Significantly, the list of "obvious and necessary" risks assumed by a skier under the statute involves those things resulting from natural phenomena, such as snow conditions or the terrain itself; natural obstacles, such as trees and rocks; and types of equipment that are inherent parts of a ski area, such as lift towers and other such structures or snow-making or grooming equipment when properly marked. These are all conditions that are inherent to the sport of skiing. It is safe to say that, generally, if the "dangers" listed in the statute do not exist, there is no skiing. Therefore, it is logical to construe this section of the statute as an assumption of the risk clause that renders the reasonableness of the skiers' or the ski area operator's behavior irrelevant. By the mere act of skiing, the skier accepts the risk that he may be injured in a manner described by the statute. The skier must accept these dangers as a matter of law. [Id. at 696, 428 N.W.2d 742.]

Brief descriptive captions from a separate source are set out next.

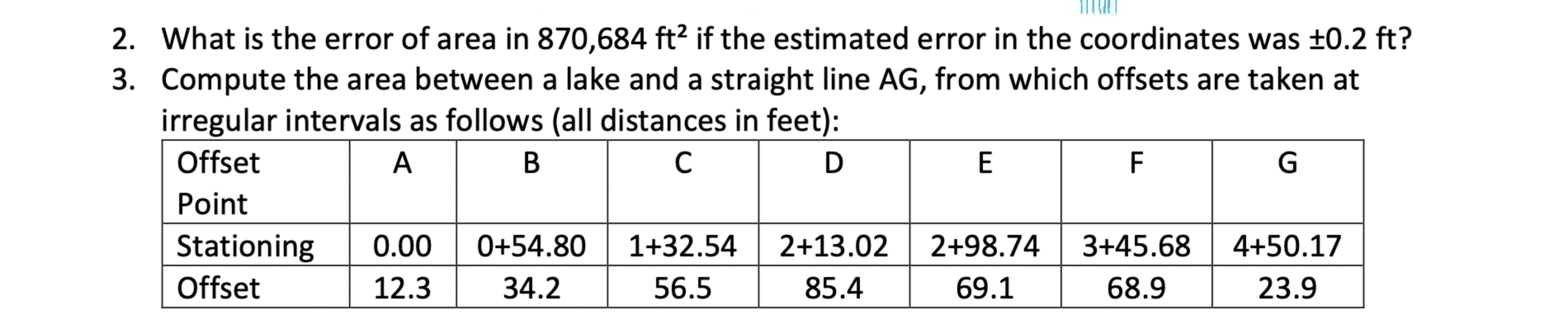 What is the error of area in 8 7 0 , 6 8 4 f t 2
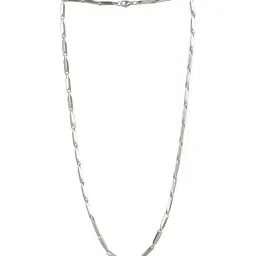 Bold by Priyaasi Twisted Cuboids Silver-Plated Link Chain for Men image 3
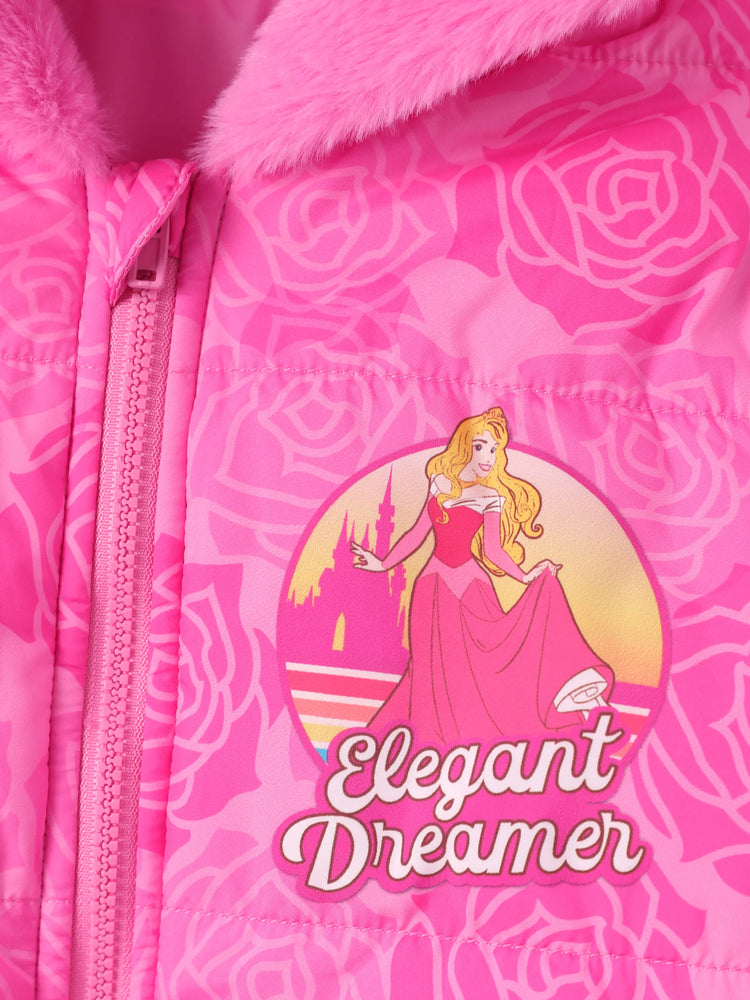 Chaqueta acolchada con capucha y borde de felpa Aurora para niña pequeña de Disney Princess, 1 pieza, Roseo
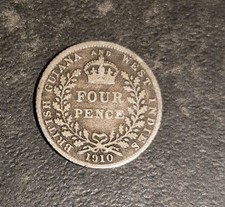 Silver Four Pence Coin 1910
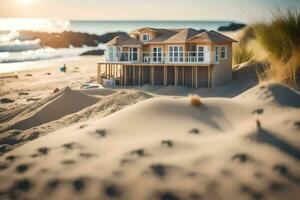 uma miniatura casa em a de praia com areia dunas. gerado por IA foto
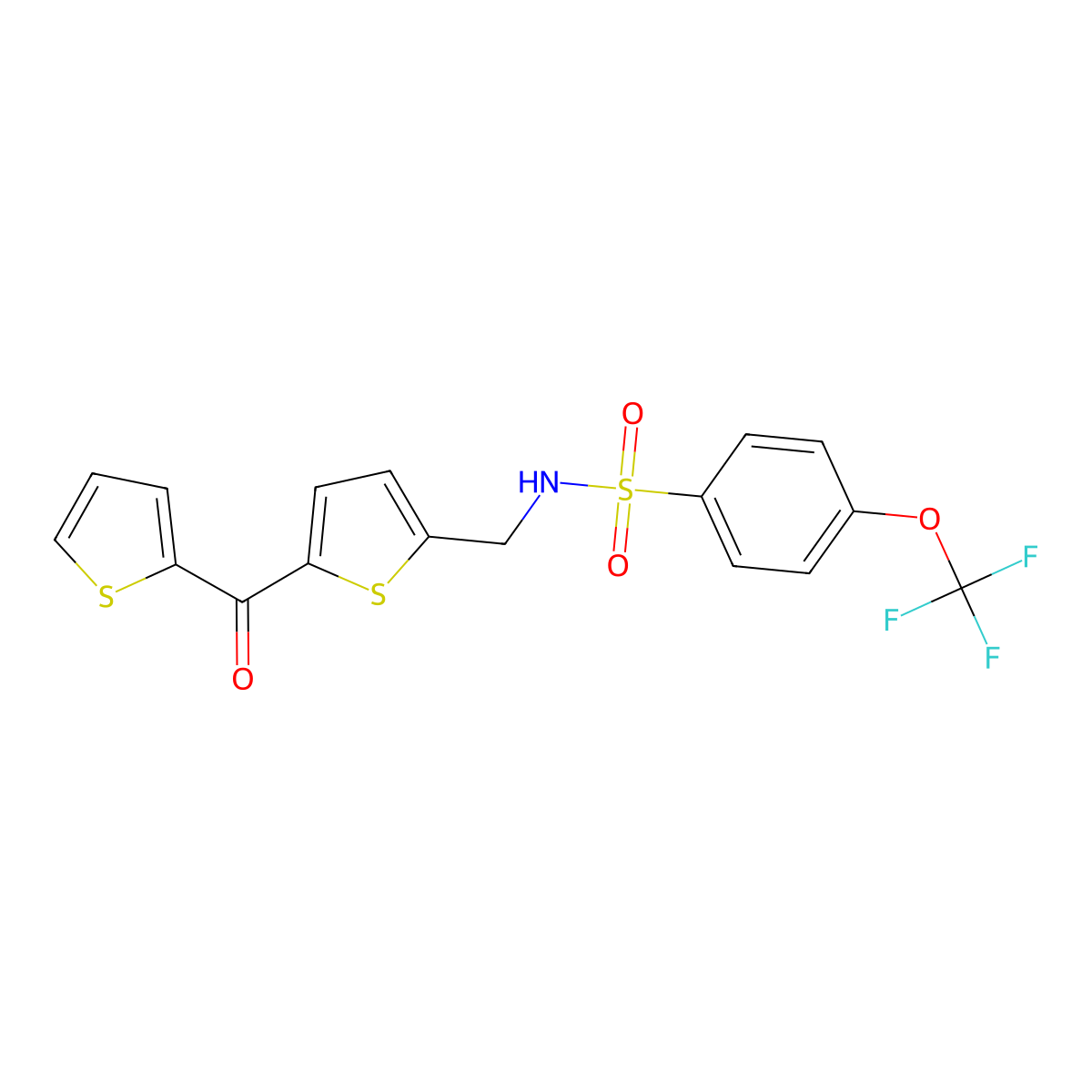 N-((5-(thiophene-2-carbonyl)thiophen-2-yl)methyl)-4-(trifluoromethoxy)benzenesulfonamide molecular structure, CAS 1448054-08-7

In Skene v. Fileccia, 213 Mich.App. 1, 539 N.W.2d 531 (1995), this Court addressed an issue similar to the one present in the instant case in the context of the Roller Skating Safety Act, M.C.L. § 445.1721 et seq.; M.S.A. § 18.485(1) et seq. The statutory clause outlining the assumption of risk that roller-skaters agree to accept when they participate in roller-skating, M.C.L. § 445.1725; M.S.A. § 18.485(5), is virtually identical to that found in the Ski Area Safety Act. Skene, supra at 6, 539 N.W.2d 531.

In Skene, the plaintiff was injured when the individual defendant ran into her while roller-skating on the rink of the codefendant roller-skating center. Id. at 2, 539 N.W.2d 531. The trial court granted the defendants' motion for summary disposition pursuant to MCR 2.116(C)(10) on the basis that the plaintiff assumed the risk of the dangers inherent in the sport of roller-skating. Id. The plaintiff argued on appeal that there were genuine issues of material fact whether the defendants breached their respective duties under the Roller Skating Safety Act and were liable. Id. at 4-5, 539 N.W.2d 531. This Court disagreed, finding that the plaintiff's construction of the Roller Skating Safety Act would effectively nullify the act's assumption of risk clause. Id. The Skene Court, relying on Grieb and Schmitz, concluded that the injury resulting from the collision was an obvious and necessary danger of roller-skating assumed by the plaintiff and that the plaintiff must bear the burden of the damages of the plaintiff's injuries. Id. at 6-7, 539 N.W.2d 531. The Court found that "because the [Roller Skating Safety Act] should be read in pari materia with the Ski Area Safety Act, the assumption of risk clause of the [Roller Skating...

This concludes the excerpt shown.